Task description
When copying the data below, keep only the lines from the one with "Osmanthus fragrans 'aurantiacus'" through the one with "Decal nhựa dán", word for word, and skip the pictures.

Supplied records

------------------------------------------------------------

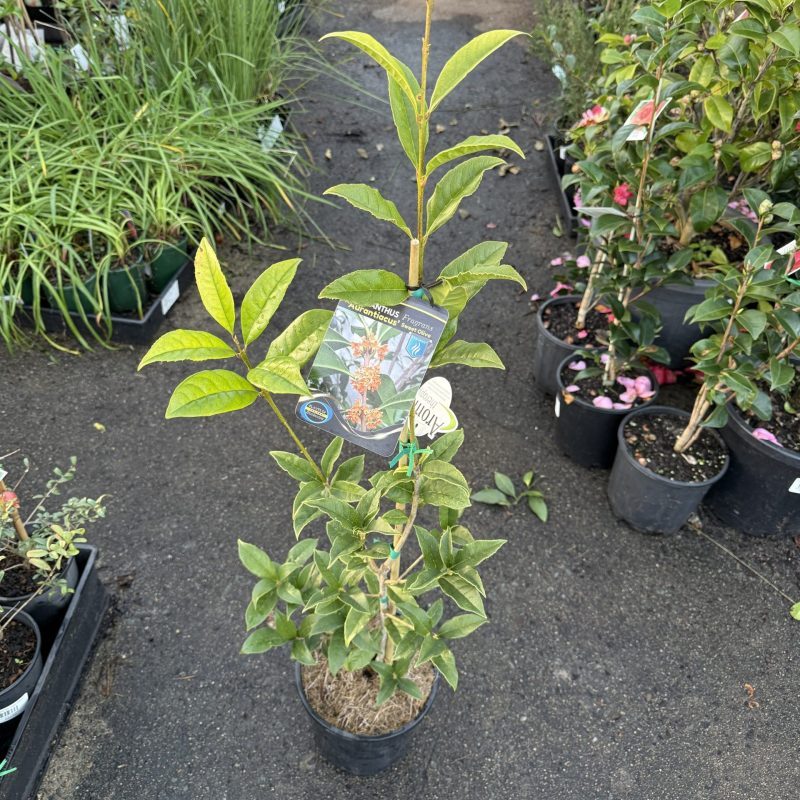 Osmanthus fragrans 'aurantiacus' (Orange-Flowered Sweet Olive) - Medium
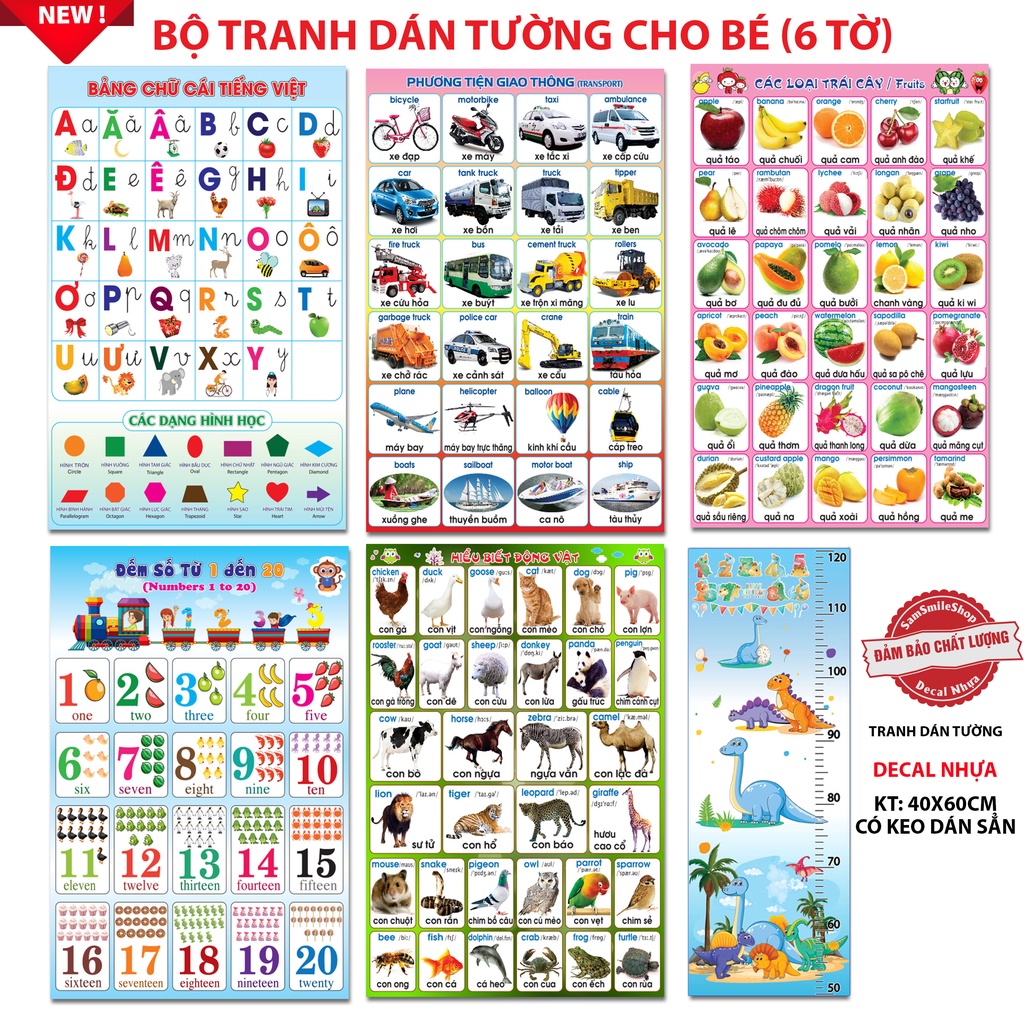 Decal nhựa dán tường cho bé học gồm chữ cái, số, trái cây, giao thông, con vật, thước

------------------------------------------------------------

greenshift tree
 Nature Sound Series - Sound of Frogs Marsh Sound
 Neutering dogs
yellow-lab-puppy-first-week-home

------------------------------------------------------------

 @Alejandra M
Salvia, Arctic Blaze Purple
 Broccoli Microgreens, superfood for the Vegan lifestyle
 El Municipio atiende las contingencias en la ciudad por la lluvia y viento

------------------------------------------------------------

Finished task
 Osmanthus fragrans 'aurantiacus' (Orange-Flowered Sweet Olive) - Medium
 Decal nhựa dán tường cho bé học gồm chữ cái, số, trái cây, giao thông, con vật, thước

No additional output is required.